START INFORMATION SUPPLIED
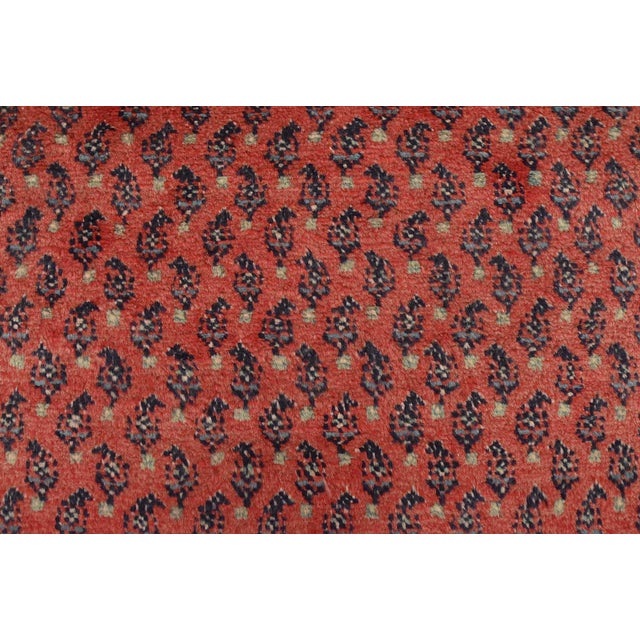 Red Mir Runner 3’7” X 10’4” Red Wool Vintage Tribal Hand-Knotted Oriental Rug For Sale - Image 8 of 14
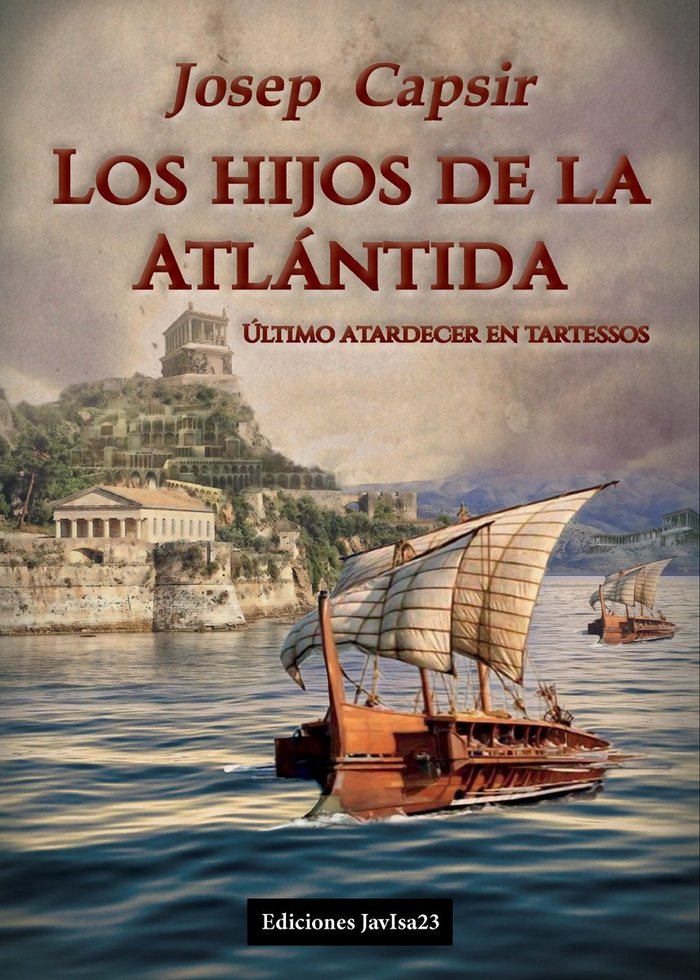 Los hijos de la Atlántida, de Capsir Comín, Josep | portada del libro
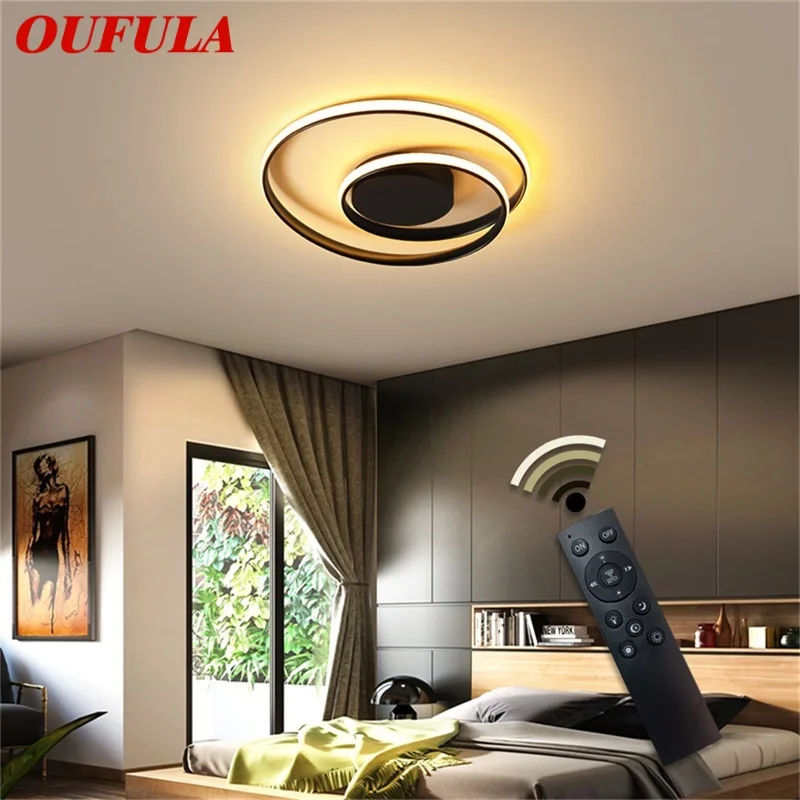 OUFULA Led Ceiling Lights Round Fixtures with Remote Control 3 Colors Brightness Adjustable and Dimmable For Home
OUFULA Led Ceiling Lights Round Fixtures with Remote Control 3 Colors Brightness Adjustable and Dimmable For Home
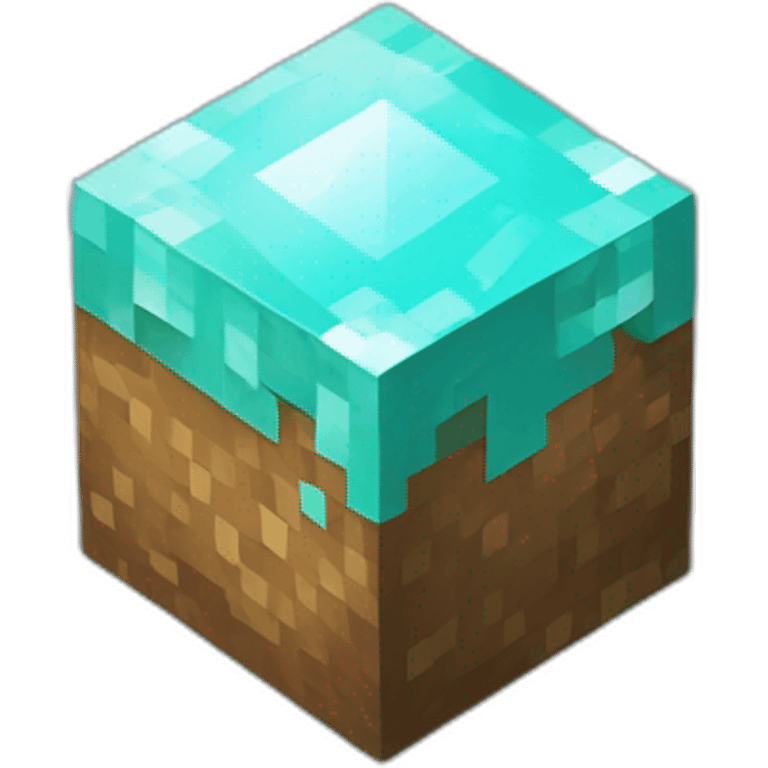 Minecraft diamond block emoji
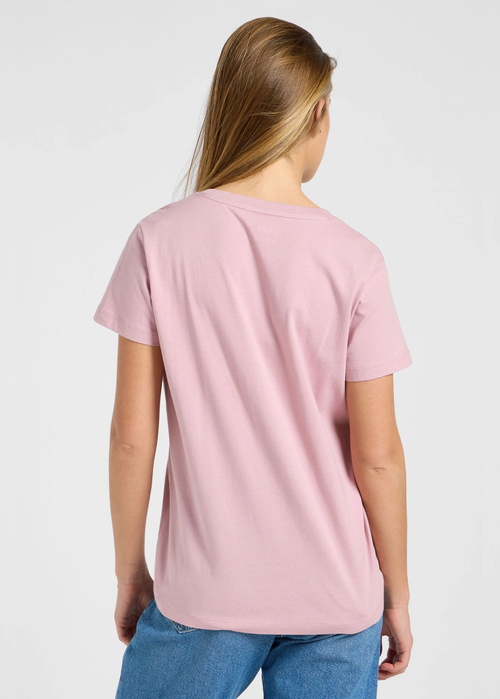 Damski T Shirt Lee V Neck Tee Pretty Plum - 112371857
END INFORMATION SUPPLIED
Each record above must be returned exactly as written, with its pictures omitted.

| SOLVED EXERCISE |
 Red Mir Runner 3’7” X 10’4” Red Wool Vintage Tribal Hand-Knotted Oriental Rug For Sale - Image 8 of 14
 Los hijos de la Atlántida, de Capsir Comín, Josep | portada del libro
 OUFULA Led Ceiling Lights Round Fixtures with Remote Control 3 Colors Brightness Adjustable and Dimmable For Home
OUFULA Led Ceiling Lights Round Fixtures with Remote Control 3 Colors Brightness Adjustable and Dimmable For Home
 Minecraft diamond block emoji
 Damski T Shirt Lee V Neck Tee Pretty Plum - 112371857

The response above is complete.